This column, and all of Dobber's work, can also be read on The Hockey News, ESPN.com and MSN.ca.
It is no secret that the power play is the most important element of offense in the playoffs. This makes the participants of the power play the most fantasy worthy in terms of playoff pools. Defensemen who quarterback the PP actually see their production rise by as much as 40 per cent. This makes moving them up your draft list a no-brainer. In part two of a two-part piece, FPL will take a look at the Eastern Conference quarterbacks.
This team was looking all season long for a suitable power-play quarterback and they finally found one in February in Alexei Zhitnik. After they decided that Braydon Coburn was not ready, while Steve McCarthy and Niklas Havelid proved unsuitable, the Thrashers went out and got Zhitnik. If you like Atlanta players for your playoff pool, then Zhitnik should be right up there on your list. He has 14 points in 15 games since joining the team and while that would be a little high in terms of what to expect in the postseason, it won’t be that far off if the team gets out of the first round. He is the only option on the blue line with this team as far as fantasy hockey is concerned.

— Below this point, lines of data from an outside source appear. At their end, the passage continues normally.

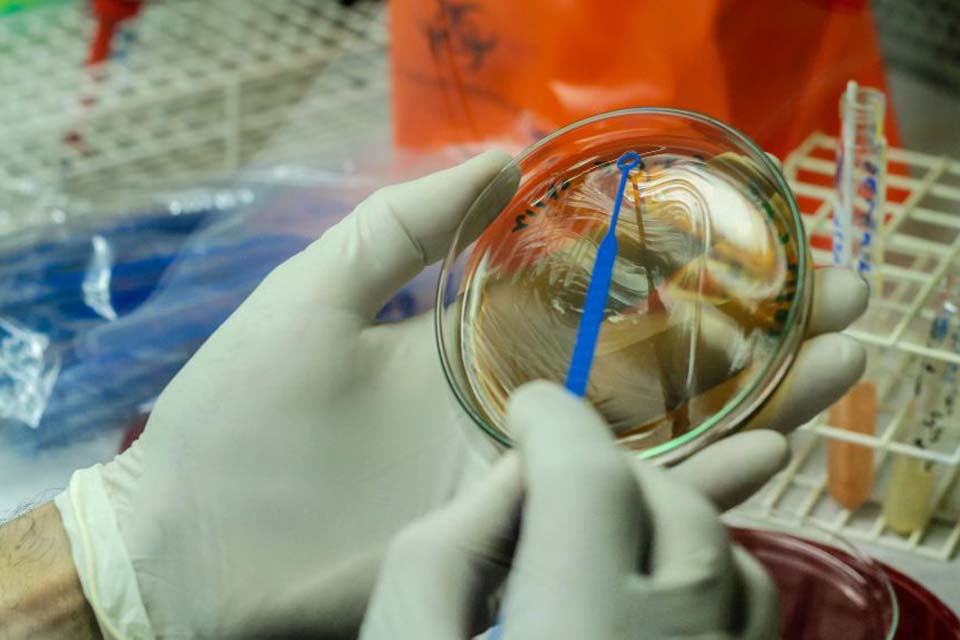 Casos suspeitos de Monkeypox em Rondônia são descartados; resultado é emitido por laboratório referência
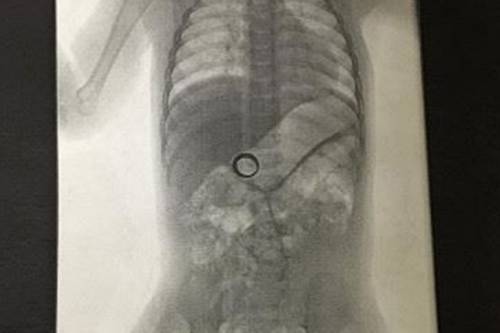 Cerca l'anello ovunque, lo trova nella pancia del figlio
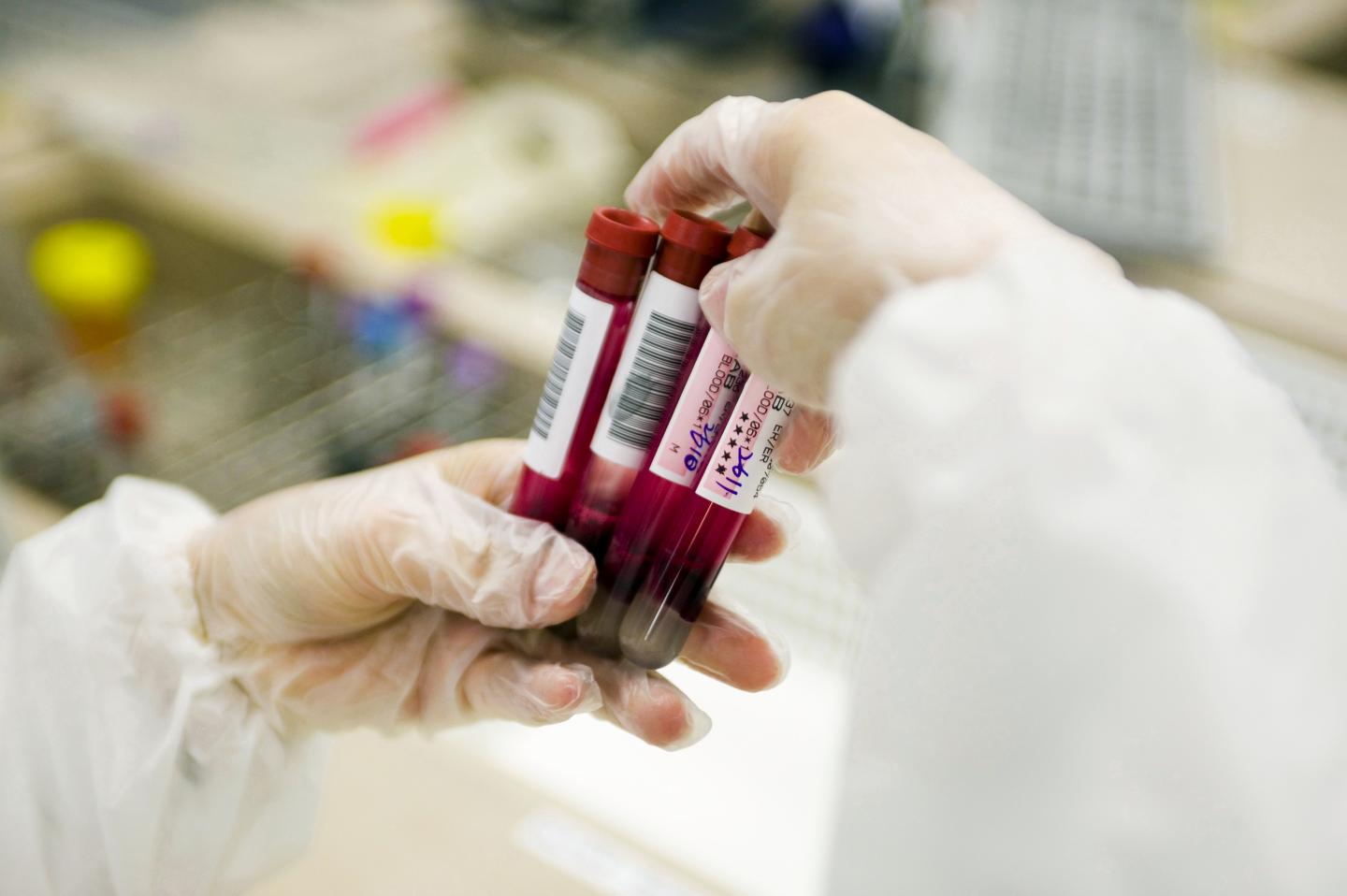 Laboratory technician holding test tubes containing blood samples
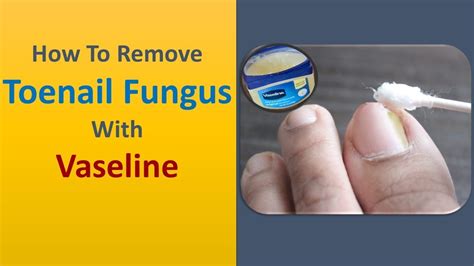 Tips To Treat Toenail Fungus How To Remove Toenail Fungus With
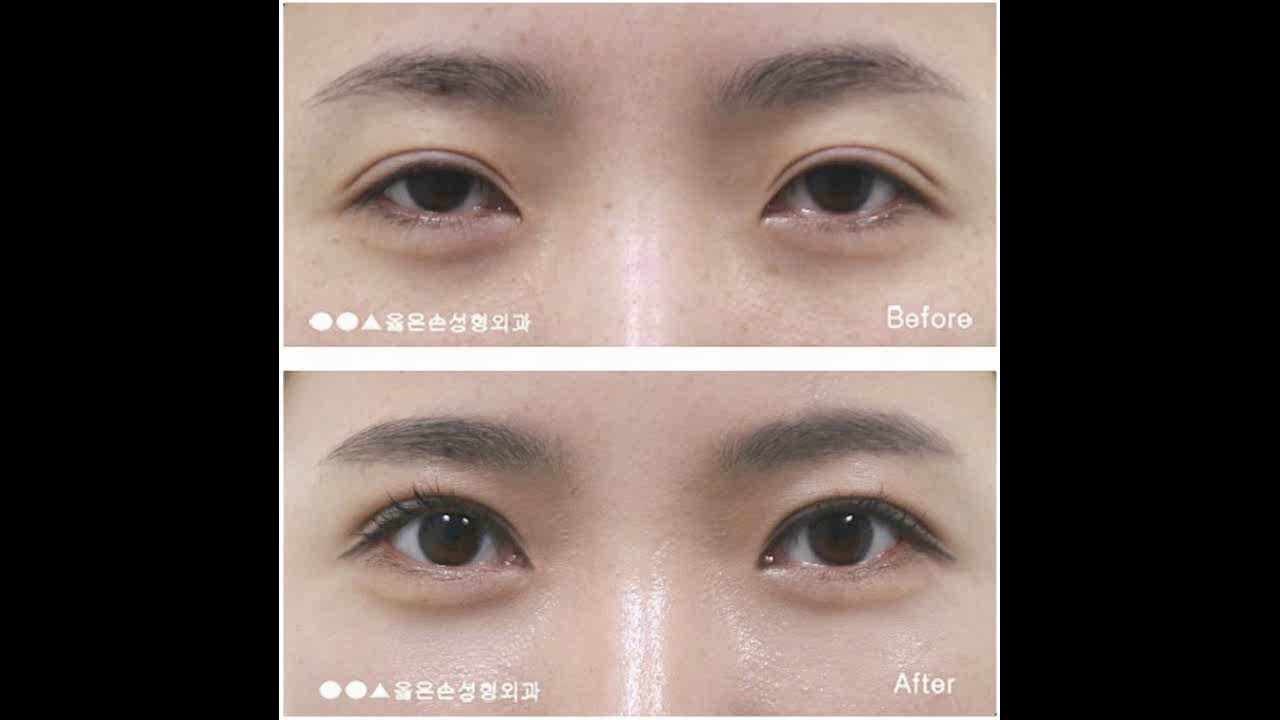 안검하수수술비용 결과의 차이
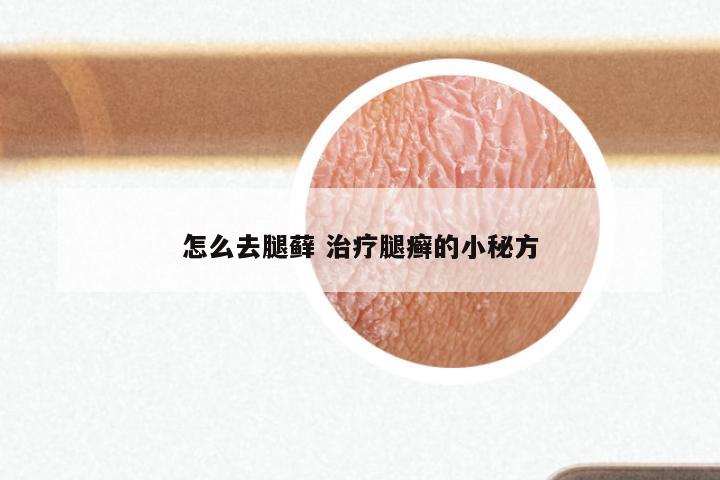 怎么去腿藓 治疗腿癣的小秘方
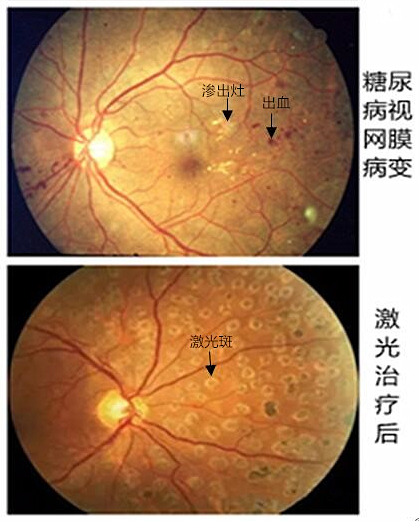 视网膜病_视网膜病治疗方式 - 好大夫在线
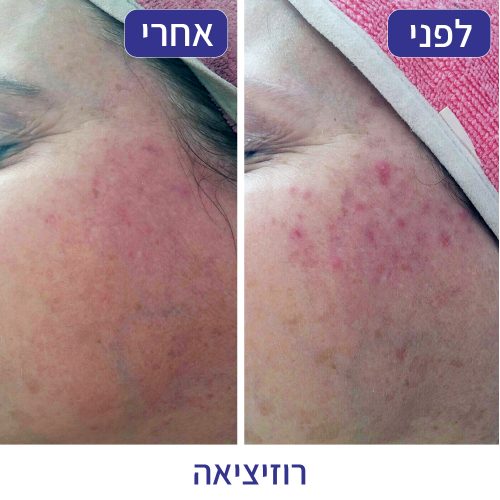 רוזיציאה - חני רוזנברג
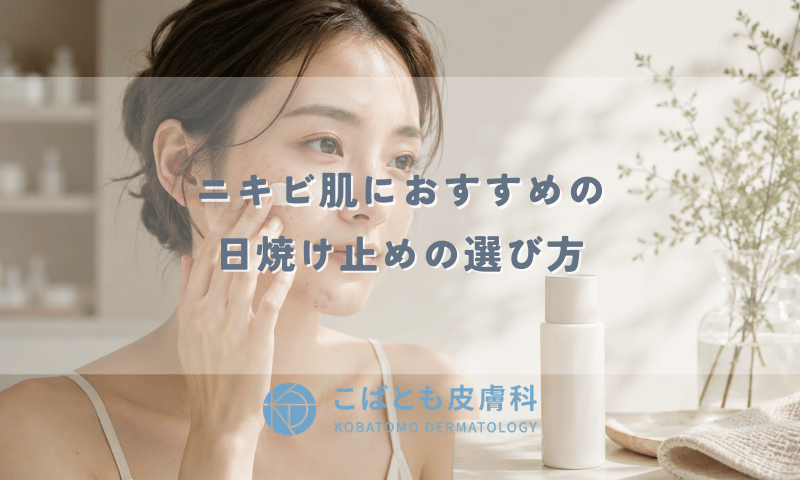 ニキビ肌におすすめの日焼け止めの選び方｜紫外線で悪化する理由と塗り方のコツ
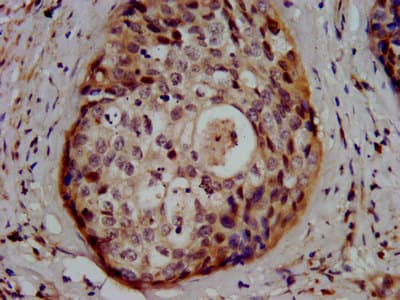 Polyclonal Rabbit anti-Human GSS / Glutathione Synthetase Antibody (IHC, WB)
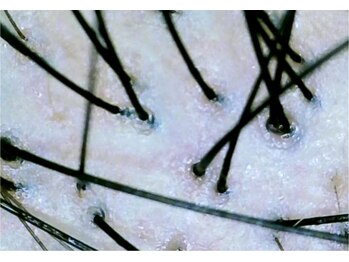 イーズ/リバイタ グランツリー武蔵小杉店/【ケース6】30代女性　before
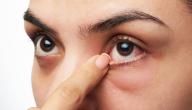 أسباب وأعراض رفرفة العين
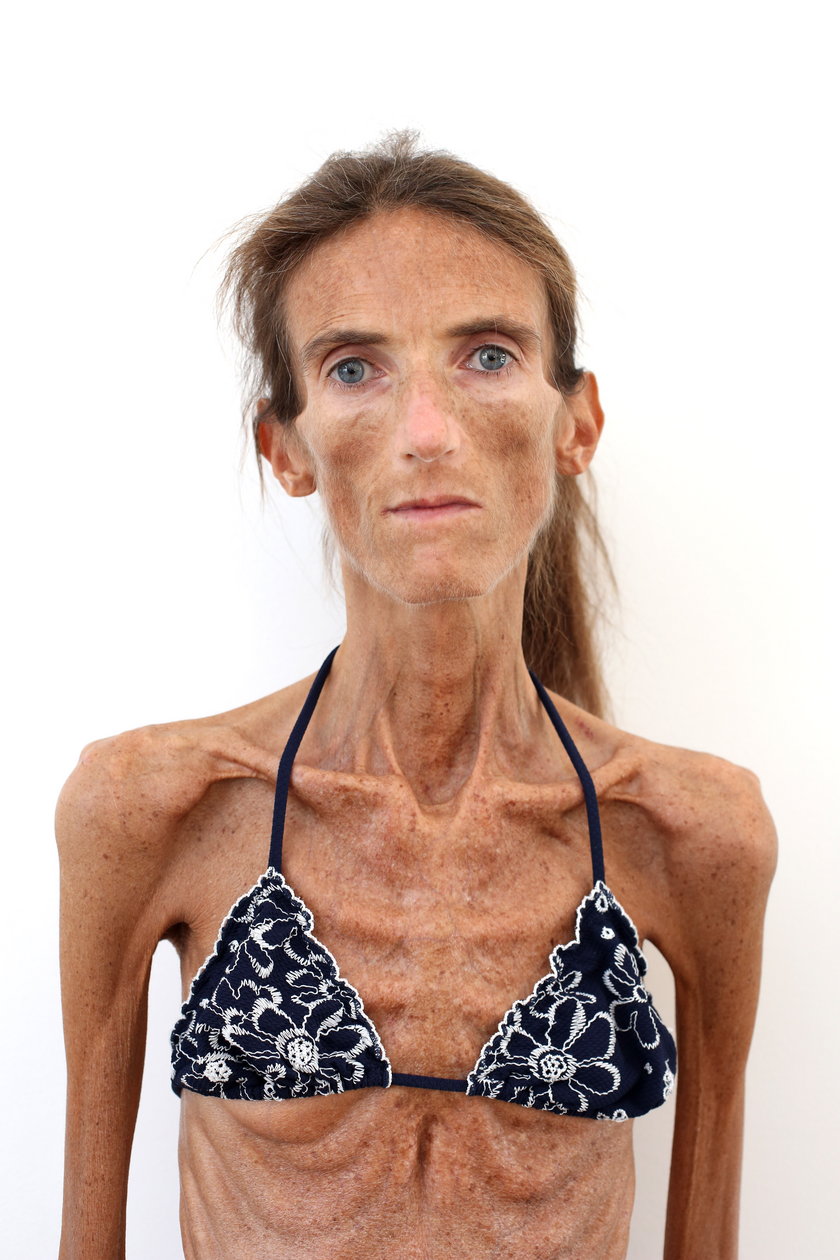 Waży tylko 25 kg! Oto najchudsza kobieta świata! Valeria Levitin - straszna  anoreksja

The Sabres have several options on the point, the best of which is Brian Campbell. That being said, Campbell regressed significantly last postseason, posting just six assists (and no goals) in 18 playoff games. In fact, Henrik Tallinder was the rearguard who stepped up for them, tallying eight points in just 14 contests. Teppo Numminen, Toni Lydman and Dimitri Kalinin can all put up seven or eight points in a prolonged playoff run. Jaroslav Spacek can put up as much as a dozen. My favorite dark horse is rookie Nathan Paetsch. The 24-year-old rookie will have to prove himself in the first round. If he does that, coach Lindy Ruff will use him in more and more situations and you could see him surprise. Paetsch had a run this season of 17 points in 24 games, but that was when Spacek and Lydman were both sidelined with injuries and Paetsch got the ice time that he needed.
Seeing as Sheldon Souray is currently tied for the NHL record for power play goals by defensemen, it’s safe to say that he will contribute on with the man advantage in the postseason. Andrei Markov is also having a career season and his production should also go up a little when the playoffs begin. The only other offensive rearguard that may put up decent numbers is Mark Streit, but he has played a lot as a winger lately and does not really quarterback the power play.
Paul Martin has had a disappointing year this year by fantasy standards, but Brian Rafalski set a new career high. The latter had a fantastic playoff last year, garnering nine points in nine games while the former slipped in production. It’s safe to say that Rafalski is one man you can move up your draft list. The rest of the New Jersey rearguards – leave them be.
New York Rangers
Paul Mara has just five points in 17 games since joining the Rangers at the deadline, but he has the potential to be a real dark horse. He is the No.2 man on the blue line when the Rangers are up a man and he will likely be available in the final round of your draft. If you feel that New York will go two or even three rounds, then Mara would be a steal. Michal Rozsival has been the quarterback, smashing his offensive career high this year. Don’t expect that to change in the postseason.
Wade Redden. Those are the only two words you need to know here. Yes, Tom Preissing is ahead of him in points, but Redden would be a 65-point player if he stayed healthy. Therein lies the risk. Redden has battled a groin injury all season, but c’mon – this is the postseason! When Redden has been at full health, he tallied 29 points in 37 games. That was from Christmas until the middle of March. His production will go up in a big way. If the Sens play 20 games, put Redden down for 16 or 17 points. Preissing, Joe Corvo, and Andrej Meszaros can also post a good 12 or 13 points if given three or four full rounds to get them. Out of those three, I like Preissing the best to do this.
The Pens’ blueliners are a fantasy poolie’s dream. Their role is obvious – there will be no surprises. Sergei Gonchar and Ryan Whitney will get all the points while the rest of the rearguards will not. Both players are hovering around the 0.70 to 0.80 points per game. Come playoff time, prepare yourself to watch them up that by 20 percent. Expect 0.90 to 1.00 points per game from the quarterbacks of one of the best power plays in hockey.
Dan Boyle is one of the most underrated defensemen in fantasy hockey. The reality is, this guy is top five in terms of offense and is a consistent 50-point player. This season he has 63 points. For every 10 playoff games that he plays, expect seven or eight points at the very least. Paul Ranger is a nice dark horse. Not only can he be had in the final round of your draft, but last season he stepped it up at the right time with six points in five playoff games. Filip Kuba is another option. He is very streaky, so you would have to hope that if you draft him, he will begin a good streak…and not a bad one.
Bryan McCabe and Tomas Kaberle sit 1-2 in Leafs scoring with 56 points apiece. Rookie Ian White is the next rearguard on the list, sitting 15th. The McCabe and Kaberle combination are the only options that should be considered in the postseason, but both already produce in the 0.70 to 0.80 points-per-game range. Do not expect that to increase too much, as these guys already get all the ice time and PP time that they need.